*** Supplied material ***
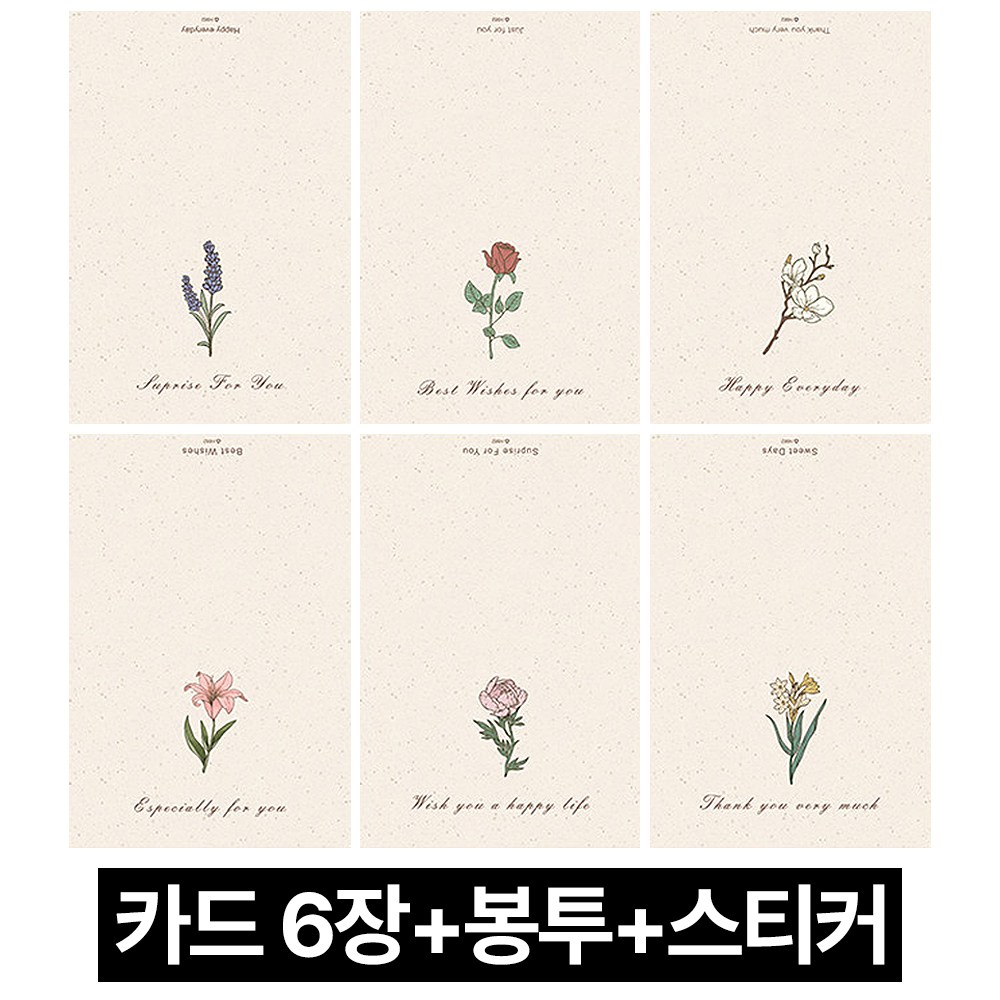 프렌티 꽃 감사 카드 미니 편지지 6장 세트 6,000원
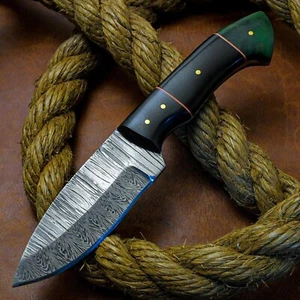 ALONZO HANDMADE DAMASCUS STEEL FIX BLADE BUSHCRAFT KNIFE WITH MICARTA 4608 - Picture 1 of 7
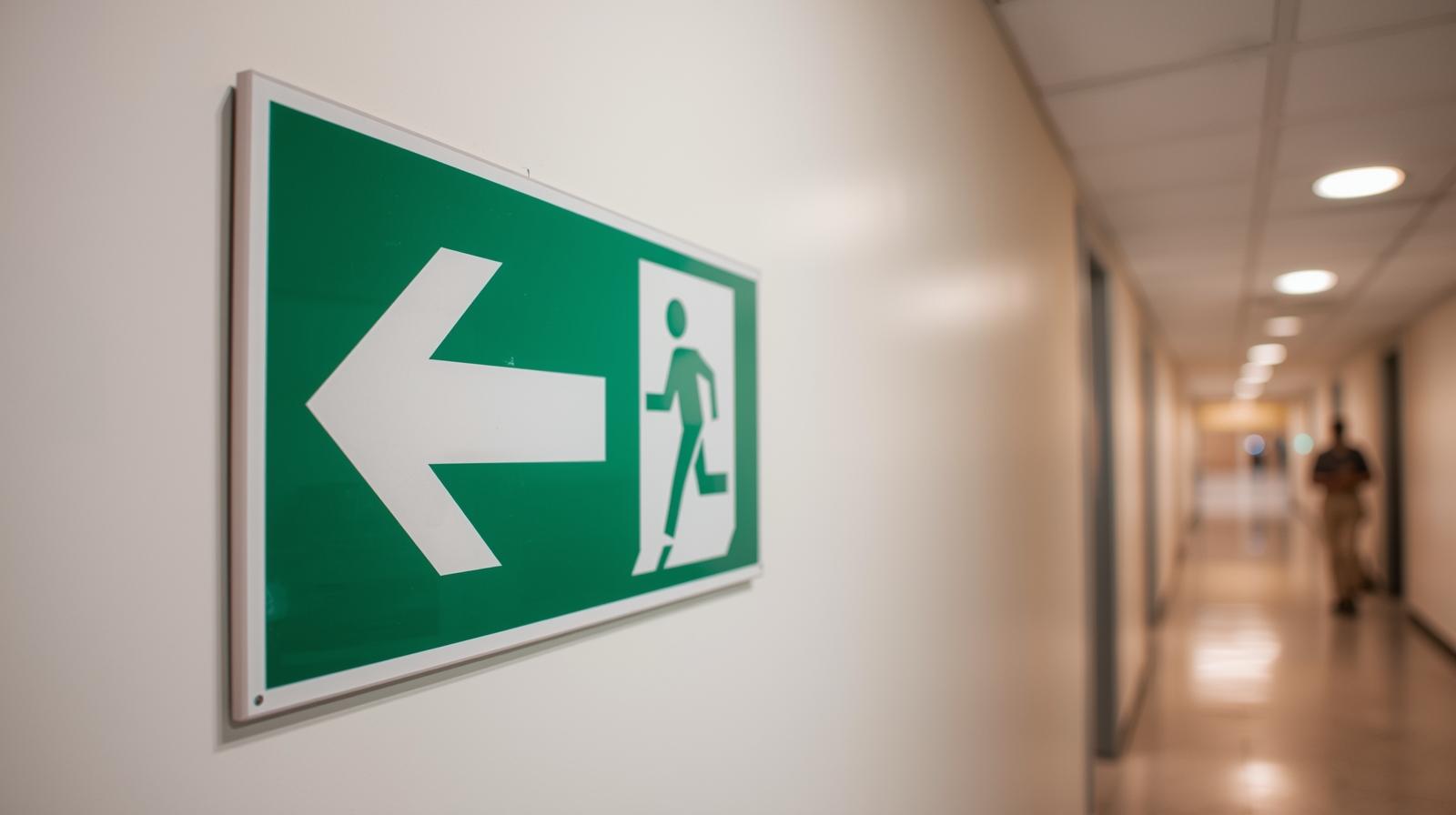 Green exit sign with arrow in a hallway.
*** End of Supplied material ***
■ **Task item**
Exactly as written, give again every line from the one containing "ALONZO HANDMADE DAMASCUS" through the last line of the material, both included, with the pictures left out.

■ **Result of this exercise**
 ALONZO HANDMADE DAMASCUS STEEL FIX BLADE BUSHCRAFT KNIFE WITH MICARTA 4608 - Picture 1 of 7
 Green exit sign with arrow in a hallway.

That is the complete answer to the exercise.